Sometimes money can be tight for your business, and it’s not necessarily because you are bad at managing your cash flow. For many companies it’s the result of several elements, including:
- Long payment cycles from the original sale of goods or services to eventual receipt of cash
- Slow-paying or non-paying customers
- Unexpected operational expenses that significantly reduce available cash
- The need to purchase raw materials or inventory to meet orders and sales
If you find your company in these situations, you can sell invoices for improved cash flow without increasing your debt load or taking a significant hit to your bottom line. The process is quite simple, and is utilized by many different businesses in a variety of industries today.
Top Reason Companies Choose to Sell Invoices
Growing a business and meeting daily operational expenses requires cash on hand, but for many companies maintaining the right cash flow is difficult when your customers want credit terms such as net 30, 45, 60, or even 90+ days for payment. Allowing your customers the ability to extend their payment for up to three months can increase your ability to make larger sales and take on bigger clients, but it can also put a dent in the availability of working capital while you wait for payment. Many companies that get credit terms will wait until the last minute to make the payment in an effort to optimize their own cash flow situation.
The main reason that companies choose to sell their accounts receivable is simple: reducing the amount of time between the sale of goods and compensation. This means you can now take on new orders without waiting for your existing payments to come through, or invest in a strategy to grow your company.
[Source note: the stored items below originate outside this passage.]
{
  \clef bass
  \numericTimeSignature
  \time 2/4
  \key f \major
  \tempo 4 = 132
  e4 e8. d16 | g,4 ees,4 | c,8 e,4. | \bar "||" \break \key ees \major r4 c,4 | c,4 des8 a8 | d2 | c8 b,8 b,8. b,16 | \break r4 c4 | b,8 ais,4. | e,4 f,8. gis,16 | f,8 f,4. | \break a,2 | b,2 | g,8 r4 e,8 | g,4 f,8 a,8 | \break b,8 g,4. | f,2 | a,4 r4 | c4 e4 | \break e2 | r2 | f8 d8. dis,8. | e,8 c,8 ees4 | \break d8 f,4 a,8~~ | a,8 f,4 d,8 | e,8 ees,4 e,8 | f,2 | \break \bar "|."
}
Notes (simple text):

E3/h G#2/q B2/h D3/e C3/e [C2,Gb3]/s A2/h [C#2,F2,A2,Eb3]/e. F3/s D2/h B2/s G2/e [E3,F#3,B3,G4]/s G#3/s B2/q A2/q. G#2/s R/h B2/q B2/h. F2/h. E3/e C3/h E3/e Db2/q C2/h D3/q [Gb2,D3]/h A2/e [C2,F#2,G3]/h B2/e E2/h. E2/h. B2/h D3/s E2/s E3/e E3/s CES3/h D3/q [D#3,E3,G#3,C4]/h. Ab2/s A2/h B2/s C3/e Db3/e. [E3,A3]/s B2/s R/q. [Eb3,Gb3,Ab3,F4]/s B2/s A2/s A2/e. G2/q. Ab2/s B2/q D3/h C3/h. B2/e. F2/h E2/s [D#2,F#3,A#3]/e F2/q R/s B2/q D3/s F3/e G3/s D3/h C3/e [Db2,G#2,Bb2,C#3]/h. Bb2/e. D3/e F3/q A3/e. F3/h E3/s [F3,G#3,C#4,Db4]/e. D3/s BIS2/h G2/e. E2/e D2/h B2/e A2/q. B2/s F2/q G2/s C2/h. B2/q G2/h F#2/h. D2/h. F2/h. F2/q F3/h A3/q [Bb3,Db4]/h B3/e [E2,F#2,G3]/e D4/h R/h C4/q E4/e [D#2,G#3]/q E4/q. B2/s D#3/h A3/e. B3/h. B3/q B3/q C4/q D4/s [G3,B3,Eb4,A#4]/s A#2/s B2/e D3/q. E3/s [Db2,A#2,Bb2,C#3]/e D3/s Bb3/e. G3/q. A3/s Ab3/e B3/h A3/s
Additional benefits of financing receivables include:
- Flexible financing terms
- No need to go through the rigorous and lengthy bank loan application and approval process
- Qualification is based on existing sales and creditworthiness of your customers
- No need to put up collateral other than the existing invoice you plan to sell
- You do not create debt
Preparing to Sell Your Receivables
The process for selling receivables is straightforward. First, identify the accounts you want to sell and contact a factoring company. In many cases, the factoring company will review your customers’ credit to determine whether they can purchase the invoice(s). The factoring company gives you a significant portion up front of the invoice(s)–generally from 80 to 95 percent of the total invoice amount. Once the customer pays the invoice, you will receive the remaining balance minus any fees you owe to the factoring company. It’s that simple.